> _Recorded information_:
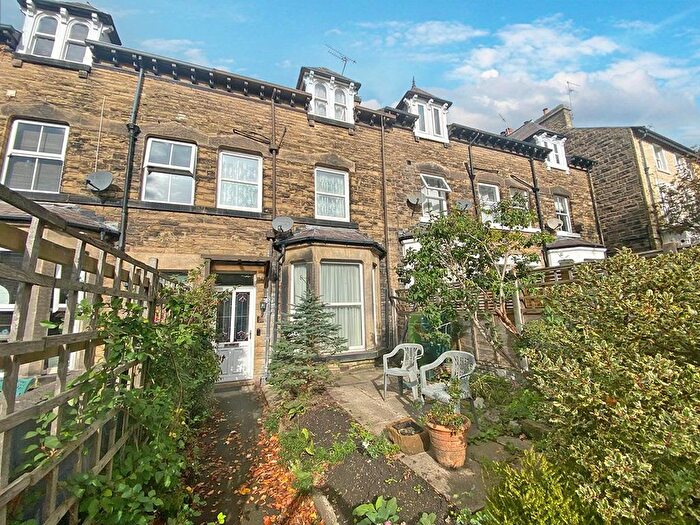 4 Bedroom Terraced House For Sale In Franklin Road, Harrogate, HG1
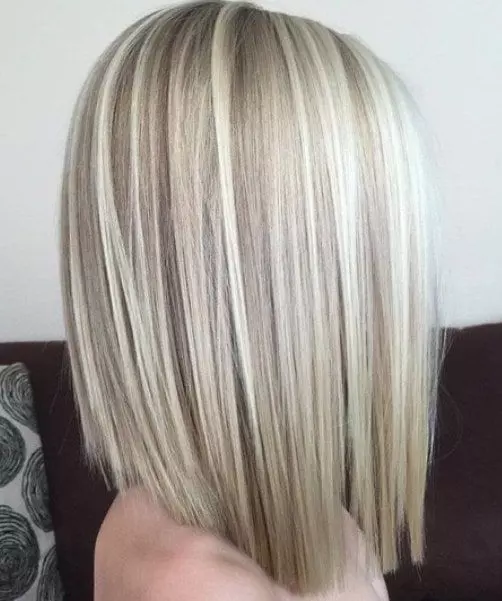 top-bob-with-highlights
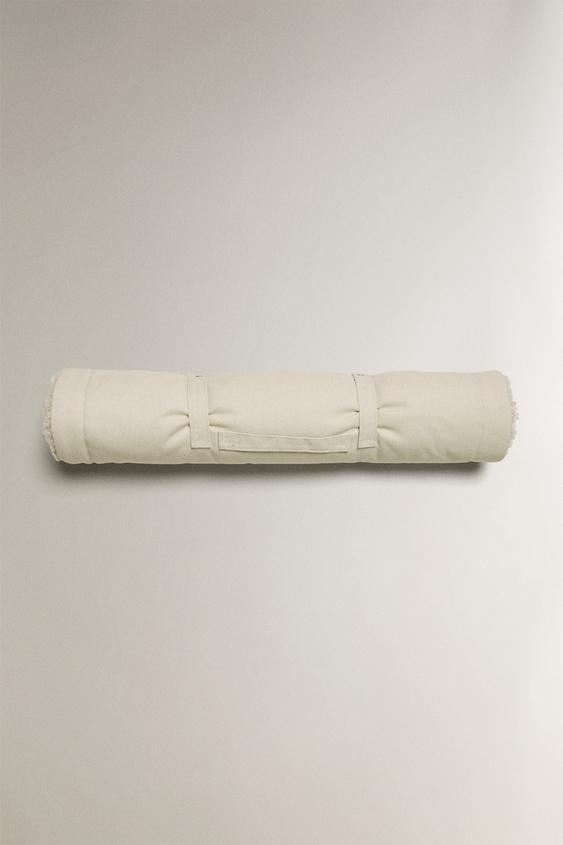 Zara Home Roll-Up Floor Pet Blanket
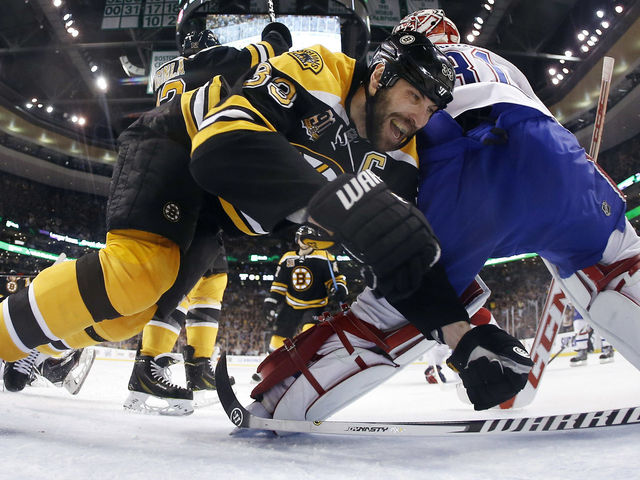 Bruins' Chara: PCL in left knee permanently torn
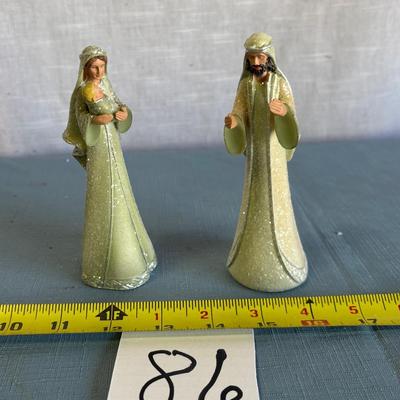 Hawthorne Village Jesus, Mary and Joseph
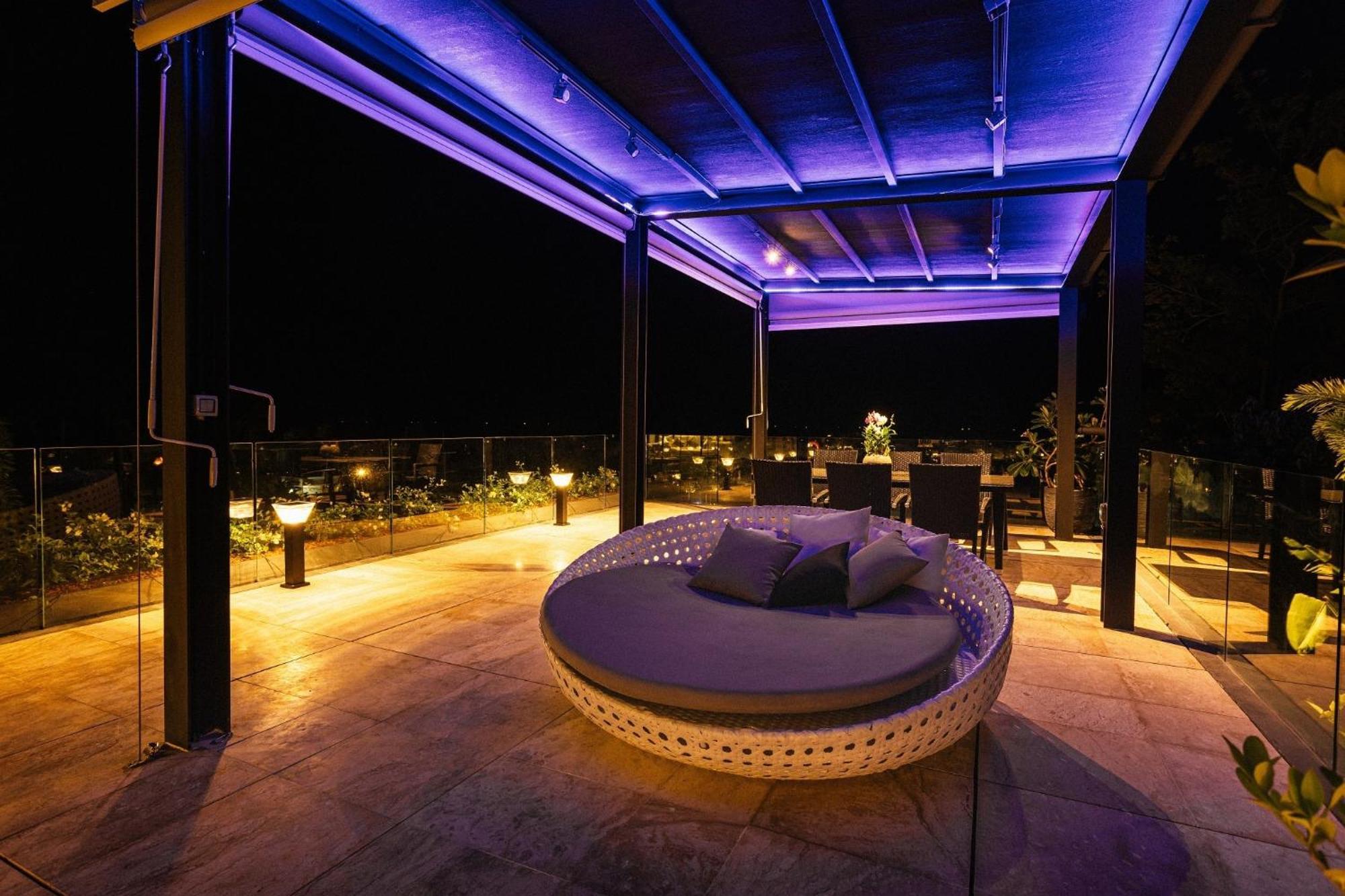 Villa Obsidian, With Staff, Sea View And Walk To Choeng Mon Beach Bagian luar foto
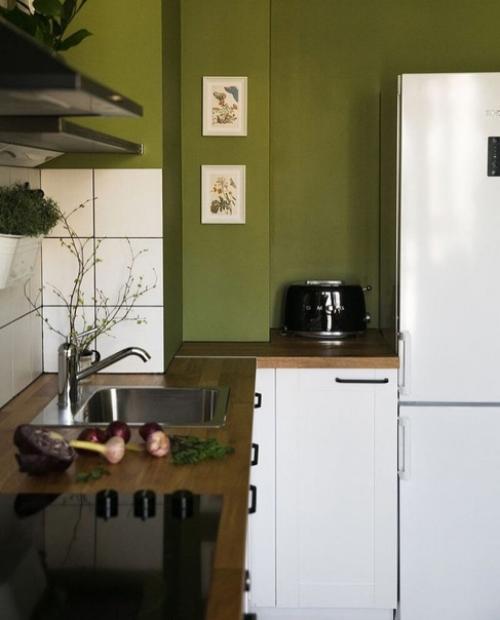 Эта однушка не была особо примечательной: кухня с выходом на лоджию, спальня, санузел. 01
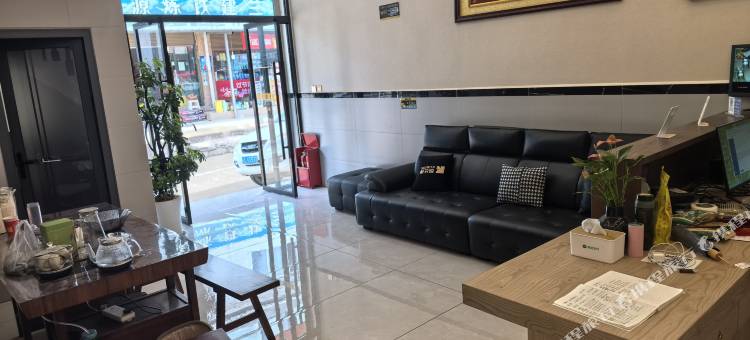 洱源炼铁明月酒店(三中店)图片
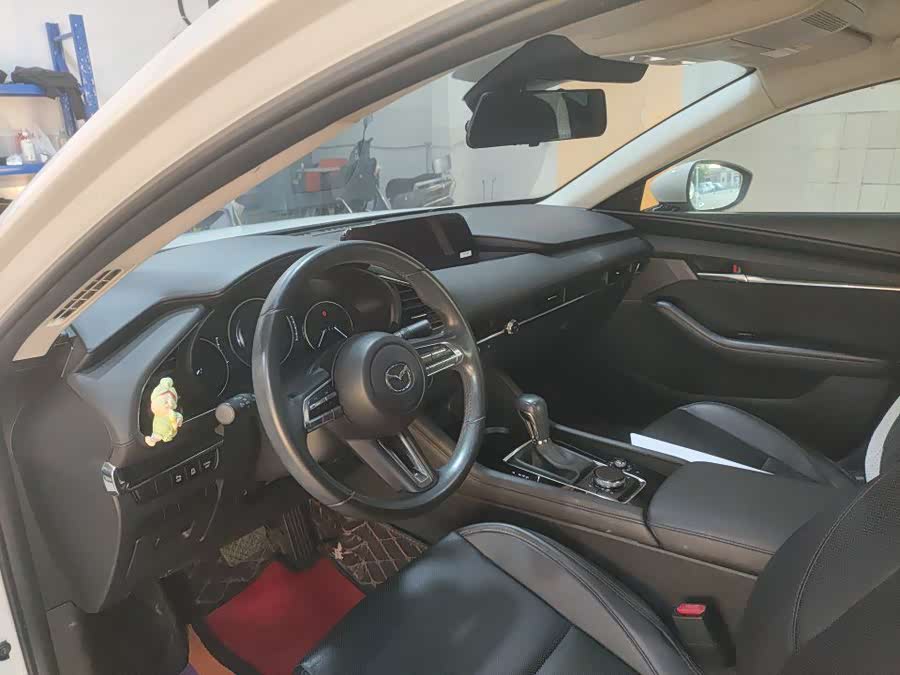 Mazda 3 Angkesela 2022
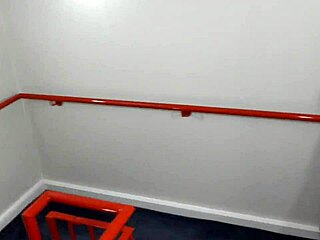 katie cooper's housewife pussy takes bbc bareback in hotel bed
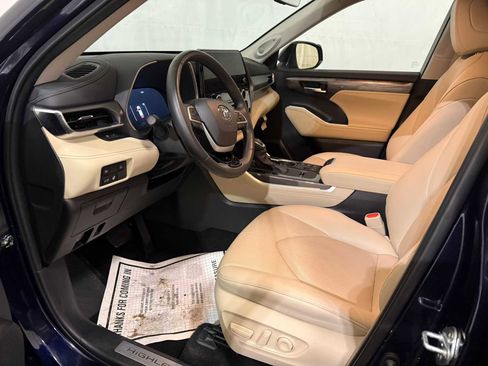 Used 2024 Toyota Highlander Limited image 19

> _Required work_: Retype the lines above exactly, no pictures.

> _Result of this task_:
 4 Bedroom Terraced House For Sale In Franklin Road, Harrogate, HG1
 top-bob-with-highlights
 Zara Home Roll-Up Floor Pet Blanket
 Bruins' Chara: PCL in left knee permanently torn
 Hawthorne Village Jesus, Mary and Joseph
 Villa Obsidian, With Staff, Sea View And Walk To Choeng Mon Beach Bagian luar foto
 Эта однушка не была особо примечательной: кухня с выходом на лоджию, спальня, санузел. 01
 洱源炼铁明月酒店(三中店)图片
 Mazda 3 Angkesela 2022
 katie cooper's housewife pussy takes bbc bareback in hotel bed
 Used 2024 Toyota Highlander Limited image 19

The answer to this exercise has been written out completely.